1. A compound comprising an effective amount of a compound selected from the group of GABAstearamide (GS), GABApalmitamide (GP), GABAlinoleamide (GL) and Progabide (PG), said compounds being agonists of brain y-aminobutyric acid (A) [GABA (A) (+)] and [GABA (B) (+)] receptors (principally extrasynaptic), with brain protective and preventive activities against neurodegenerative and neurodevelopmental diseases.

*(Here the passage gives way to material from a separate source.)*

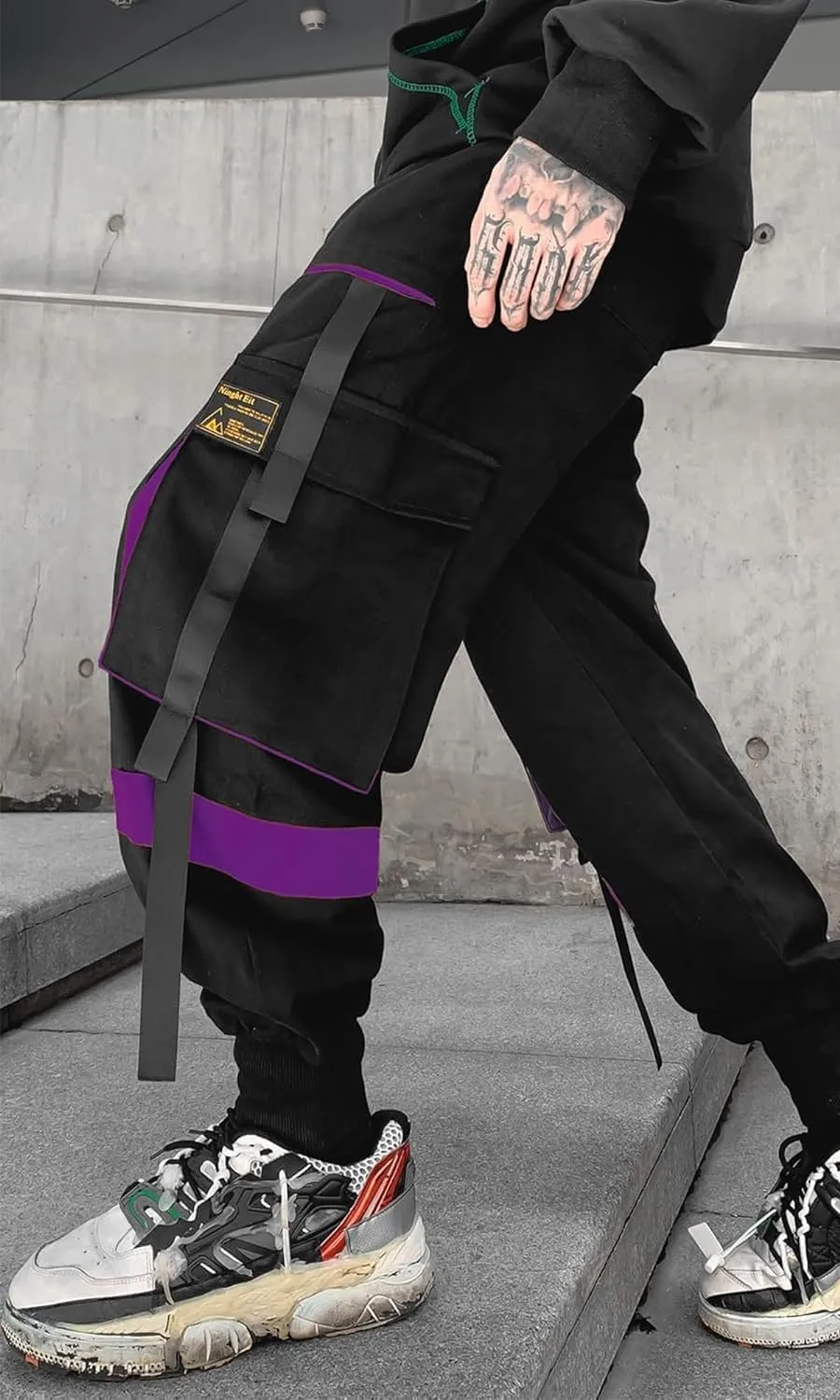Men's Jogger Pants Techwear Hip Hop Harem Pants Streetwear Tactical Track Pants with Drawstring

2. A pharmaceutical composition comprising an effective amount (30 to 300 mgs, per os, daily) of a compound at least one pharmaceutically acceptable excipient said compound being selected from the group consisting of GS, GP, GL and PG, and combination thereof, said compound being [GABA(B)(+)] and [GABA(A)(+)], with brain protective and preventive activities against neurodegenerative and neurodevelopmental diseases.

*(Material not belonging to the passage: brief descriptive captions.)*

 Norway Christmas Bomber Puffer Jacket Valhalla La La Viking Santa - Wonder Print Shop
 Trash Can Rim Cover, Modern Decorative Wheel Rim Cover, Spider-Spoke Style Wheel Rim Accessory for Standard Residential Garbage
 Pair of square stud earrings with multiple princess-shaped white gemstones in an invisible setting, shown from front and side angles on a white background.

3. The method according to the claim 2 wherein said pharmaceuticals with brain protective and preventive activities against neurodegenerative and neurodevelopmental diseases of brain condition were selected from the group consisting of Alzheimer's disease, Huntington's disease, Parkinson's disease, Multiple Sclerosis, Autism spectrum disorders and also all the brain neurodegenerative or neurodevelopmental syndroms originated from, respectively, late or early stage human life, brain Glutamatergic/GABA imbalance.